So much for the insurgent alternative to the uniparty.

Nigel Farage talks tough but Reform UK have already sold out

Nigel Farage talks tough but Reform UK have already sold out (Image: Phil Lewis/WENN)

For decades, the British people have spoken clearly: we want immigration controlled, reduced, and brought to sustainable levels. Yet every election cycle, we’ve been met with lies, delays, and betrayal. Labour ignored it. The Tories broke promise after promise. That’s why Reform UK was born — not as a vanity project, but as a last stand for those abandoned by the political class. And now, it seems even Reform is folding.
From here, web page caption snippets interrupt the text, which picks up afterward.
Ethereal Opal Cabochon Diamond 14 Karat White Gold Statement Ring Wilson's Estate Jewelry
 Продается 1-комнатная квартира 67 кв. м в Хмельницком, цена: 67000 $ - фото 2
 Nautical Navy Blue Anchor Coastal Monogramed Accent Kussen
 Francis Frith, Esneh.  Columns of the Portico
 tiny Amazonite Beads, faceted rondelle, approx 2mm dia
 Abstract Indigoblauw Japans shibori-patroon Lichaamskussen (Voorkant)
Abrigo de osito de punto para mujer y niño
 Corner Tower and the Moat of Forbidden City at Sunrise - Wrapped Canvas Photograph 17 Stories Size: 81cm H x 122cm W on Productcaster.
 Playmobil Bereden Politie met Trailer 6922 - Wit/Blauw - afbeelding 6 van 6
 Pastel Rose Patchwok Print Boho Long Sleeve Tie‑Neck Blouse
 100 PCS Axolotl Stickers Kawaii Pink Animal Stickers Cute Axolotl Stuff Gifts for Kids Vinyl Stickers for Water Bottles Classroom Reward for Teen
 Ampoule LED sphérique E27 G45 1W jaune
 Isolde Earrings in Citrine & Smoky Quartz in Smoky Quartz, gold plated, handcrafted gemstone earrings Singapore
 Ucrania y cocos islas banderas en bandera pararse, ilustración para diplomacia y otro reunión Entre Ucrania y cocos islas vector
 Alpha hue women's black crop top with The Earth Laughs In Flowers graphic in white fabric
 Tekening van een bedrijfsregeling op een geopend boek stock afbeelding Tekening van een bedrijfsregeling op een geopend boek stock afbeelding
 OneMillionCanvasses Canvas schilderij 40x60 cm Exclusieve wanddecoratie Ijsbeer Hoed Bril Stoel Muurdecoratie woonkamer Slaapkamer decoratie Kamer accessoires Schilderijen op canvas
In his first public statement as chairman, Dr David Bull declared: “Immigration is the lifeblood of this country.” That’s not just wrong — it’s treachery. It’s the same hollow slogan we’ve heard for 30 years from Blair, Cameron, Sunak, Starmer — and every other politician who’s watched Britain fracture and dared to call it “progress.”

No, David. Immigration is not the lifeblood of Britain. Our people are. The men and women who built our industries, defended our borders, raised our families, and passed down our values — they are the lifeblood.

You don’t replace them and call it strength. You don’t dissolve your culture and call it growth. What’s happening is not evolution — it’s erasure.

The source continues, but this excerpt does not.